KTLA news reporter Marta Waller officially filed suit on Tuesday against Tribune Broadcasting, KTLA Inc., station news director David Goldberg and VP and G.M. John Reardon, alleging age and sex discrimination and defamation in her being stripped of her anchor duties at the station last fall.
Waller’s attorney, V. James De Simone of the Venice-based civil rights firm of Schobrun and De Simone, said that the suit seeks no specific sum for damages.
“We will allow a jury to decide what is fair compensation,” De Simone said.
The suit charges that the 44-year-old Waller’s demotions from anchor positions on the midday and weeknight KTLA newscasts were “based on the discriminatory belief that it was inappropriate to permit an older woman” to anchor the newscasts, according to the suit.
De Simone said Tuesday that the “clear motive” for removing Waller from her anchor positions was the fact she was an older woman. He called the lawsuit “a civil rights case,” since “workers in California have the right to be free of discrimination in the workplace.
“The station can claim incompetence or poor ratings, but the facts prove otherwise,” De Simone added. “The way we see it, the station lost the May (ratings sweeps) book (last year) and panicked, using Marta as the scapegoat. But since Marta has been taken off of ‘News at Ten,’ the station also lost the sweeps races in November (’96) and February (’97).”
De Simone stressed that Waller gave KTLA and its parent Tribune “ample opportunity” to resolve the situation internally.
“But as the suit alleges,” De Simone said, “instead of investigating and rectifying the situation, Reardon and Goldberg directly retaliated against Marta within three days of her filing a complaint with KTLA’s human resources department.”

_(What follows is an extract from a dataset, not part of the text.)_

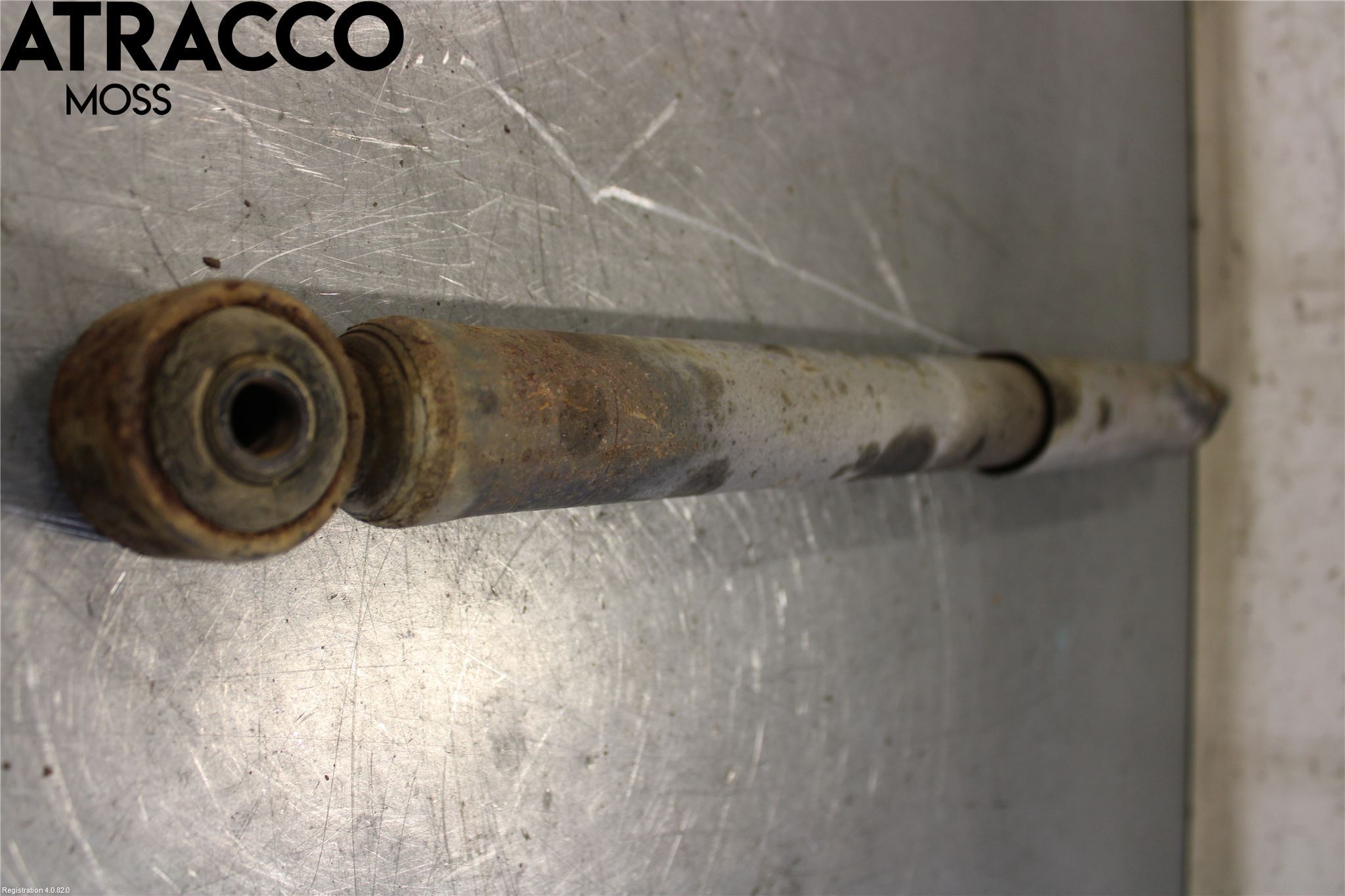 Suzuki GRAND VITARA II 06-14 Støtdemper Bak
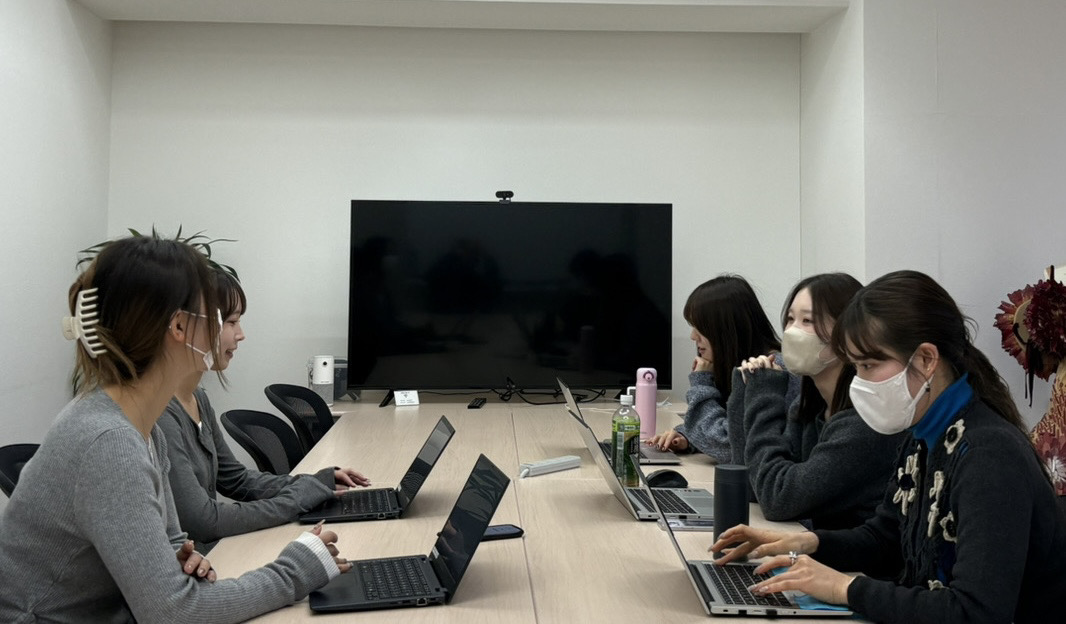 25新卒×26新卒　ここだけの話！座談会｜COカルチャー｜Vol.7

That retaliation, De Simone said, included Waller’s being dropped as the chief Los Angeles correspondent for “Tribnet,” reporting stories out of Los Angeles for use on the newscasts of Tribune-owned stations nationally.
Reached on Tuesday, Reardon said that neither he nor the station would have any comment until the situation had been discussed with Tribune’s and KTLA’s lawyers.